There’s a bit of apparent good news when it comes to chargebacks. The chargeback-to-transaction ratio decreased from 1.94% in 2020 to 1.52% in 2021, and is also down from the remarkable 3.76% seen in 2017. That’s according to the fourth annual “The Year in Chargebacks Report” from Midigator LLC, a chargeback-management platform.
The decrease from 2017 to 2021 is a 59.6% reduction in the ratio. “The drop in the chargeback-to-transaction ratio proves that ongoing efforts and professional expertise help prevent chargebacks with greater accuracy,” the report says. “Merchants in this study were actively managing disputes and attempting to keep risk in check.” The 2021 data was generated from 81 million transactions, 1.3 million chargebacks, 658,000 prevention alerts, and 206,000 order-validation cases, Midigator says.
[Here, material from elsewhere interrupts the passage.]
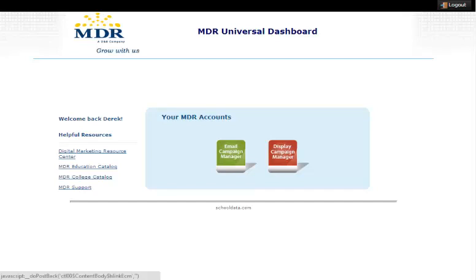Hi, I'm Derek Fairfield, the MDR email product manager, and welcome to a video tutorial on the new email campaign manager dashboard.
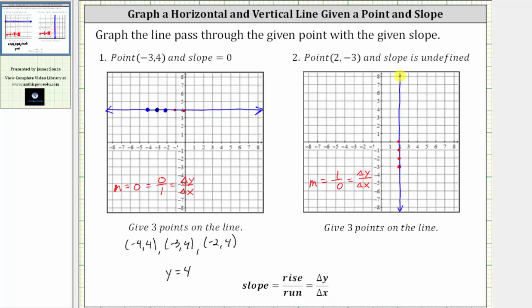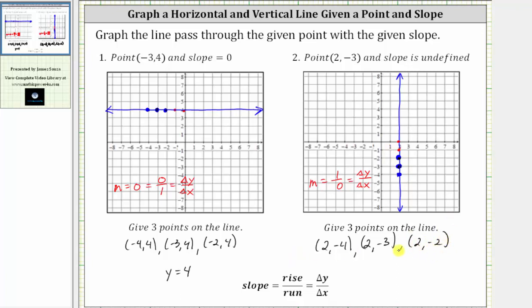Remember, any vertical line has an undefined slope or no slope. We're asked to give three points on the line. The given point is two comma negative three. The point below is two comma negative four, and the point above is two comma negative two. Notice for all these points the x-coordinates are equal to two, which is why the equation of this vertical line is x equals two. I hope you found this helpful.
American Fork, Utah-based Midigator’s research found that merchants employing multiple chargeback-prevention services were able to stop up to 50% of disputes from becoming chargebacks. Of merchants actively engaged in chargeback prevention, 63.9% used multiple services.
This strategy is not without risks, however. “The biggest challenges of a multi-layer prevention strategy are overlap—single dispute cases that involve multiple resolution attempts—and leakage—prevention attempts that are unsuccessful at stopping the chargeback,” Midigator says in the report.
And, of the disputes merchants encountered, 79.18% were fraud-related in 2021, up from 76.67% in 2020 and 62.1% in 2017.
This type of data can be invaluable in helping to prevent chargebacks, Midigator says. “Success derived from assumptions and guesses is only temporary,” Corey Baggett, Midigator chief executive, says in a statement. “But data-driven decisions solve problems at their source, yielding sustainable results that improve over time.”